Rat Poison Ban Trapped in State Senate for 2019
By Brett Johnson
August 23, 2019
Last week, it was disclosed that Assembly Bill 1788, authored by Assemblymember Richard Bloom (D – Santa Monica), would not be moving forward from the Senate Appropriations Committee. AB 1788 aimed to prohibit the use of second-generation anticoagulant rodenticides (SGARs) throughout the state and also prohibit the use of first-generation anticoagulant (FGARs) rodenticides on state-owned property. The bill cites state findings of related toxins in dead wildlife, such as mountain lions and coyotes, as the impetus for the bill.
The SGARs targeted by AB 1788, however, are one of the, if not the, most effective tools in controlling rodent populations. They also form roughly half of the active ingredients currently available in California to combat rodent infestations, meaning a substantial loss to many rodent control plans.
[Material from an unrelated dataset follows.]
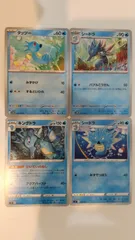 ポケモンカード   ポケカ   タッツー   シードラ   キングドラ   ４枚   まとめ処分   S-184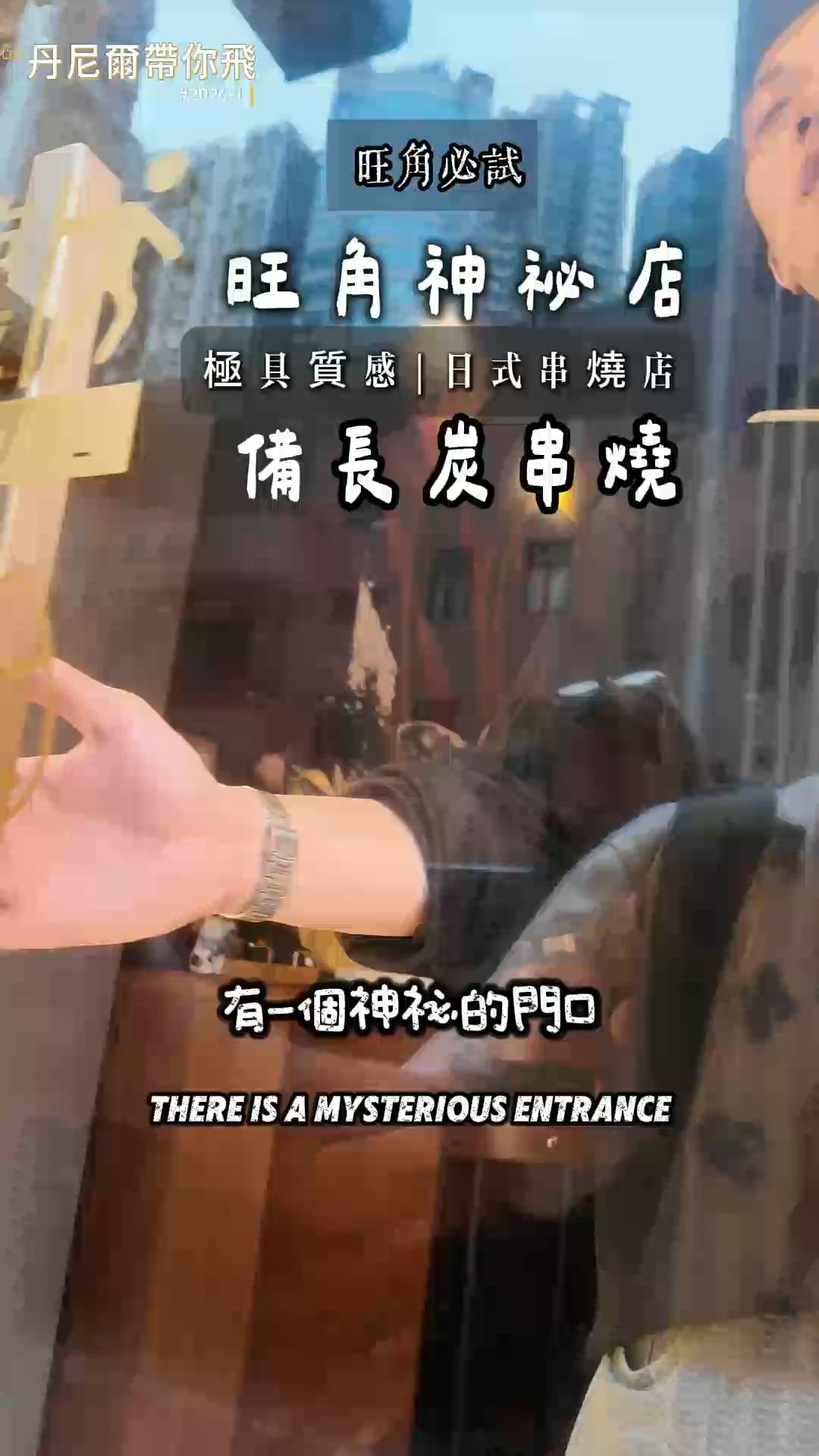 旺角秘寶！極緻備長炭串燒😋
For the life sciences industry in California, rodent control is incredibly important, as the federal Food and Drug Administration (FDA) expects all facilities handling drugs and medical devices, among other FDA-approved products, to be free of rodents. For good reason, there is no tolerance for rodent-introduced impurities when, for instance, the facility is producing injected medicines or implanted medical devices. This means the presence of rodents in a facility could lead to the (at least a temporary) shutdown of a facility until issues are corrected, which is a substantial risk for any California-based life sciences company.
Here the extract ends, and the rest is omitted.